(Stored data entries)
----------

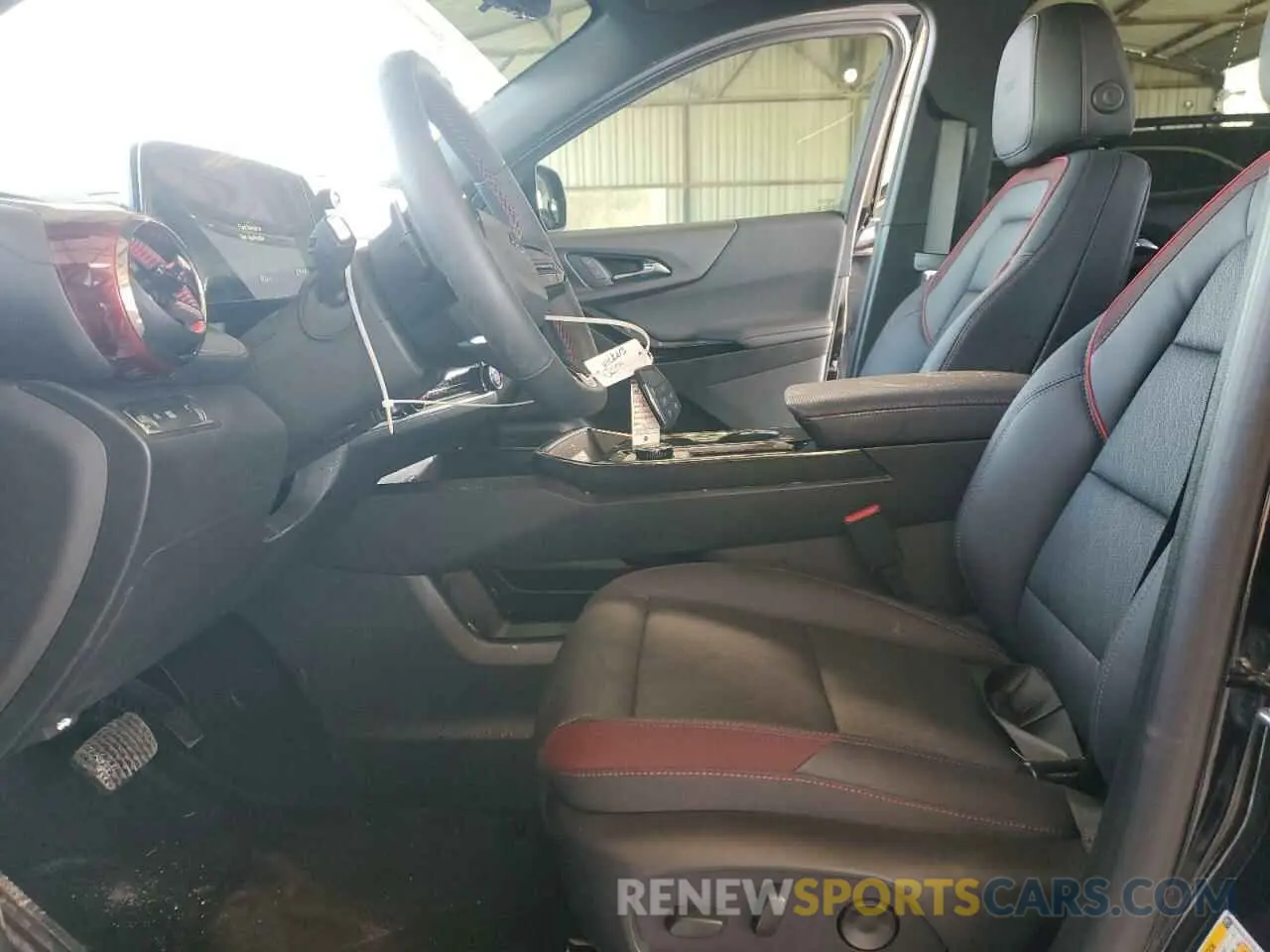 7 Photograph of a damaged car 3GNAXLEG1SL144869 CHEVROLET EQUINOX 2025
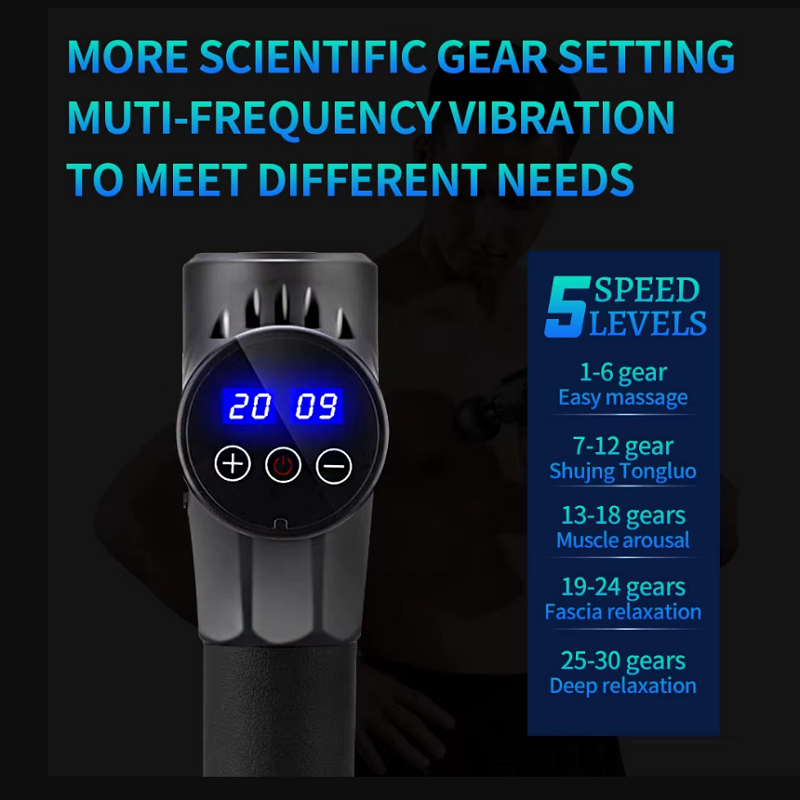 30 speed massage gun JM002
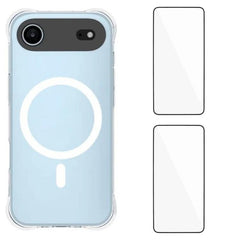 Funda para teléfono WANLONFENG transparente ...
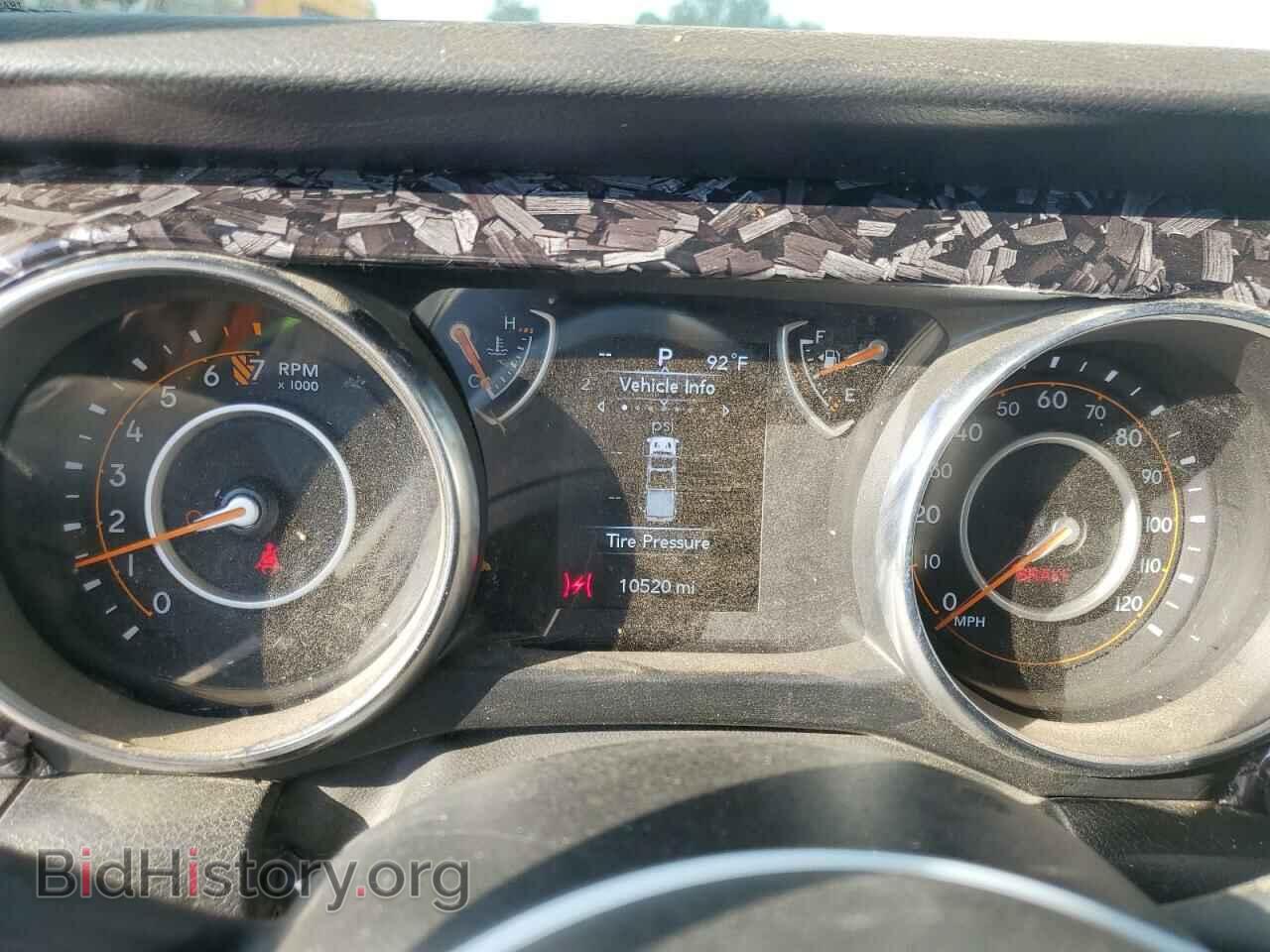 2023 JEEP GLADIATOR - VIN: 1C6HJTAG2PL556856 - Фото 9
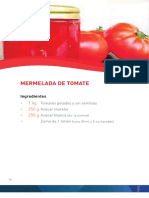 Receta Mermelada de Tomate Ingredientes 1 de 2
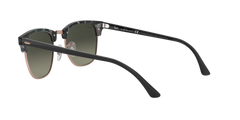 Clubmaster - Spotted Grey/Green - Light Grey Gradient Dark Grey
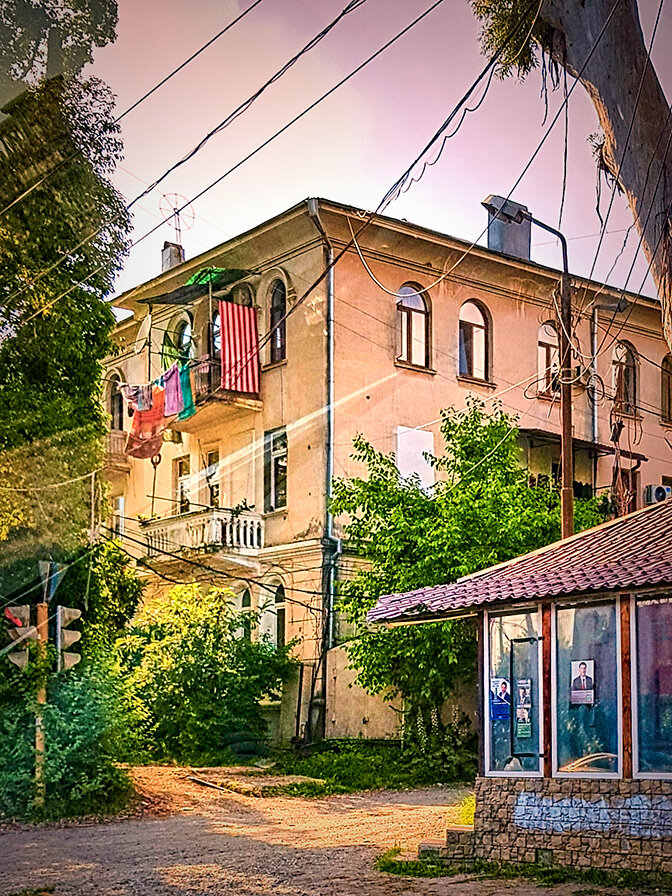 съёмка через стекло автомобиля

----------

Activity:
I would like an exact copy of the lines from the one holding "Receta Mermelada de" through the last line of the entries above, with the pictures left out.

Solution to this exercise:
 Receta Mermelada de Tomate Ingredientes 1 de 2
 Clubmaster - Spotted Grey/Green - Light Grey Gradient Dark Grey
 съёмка через стекло автомобиля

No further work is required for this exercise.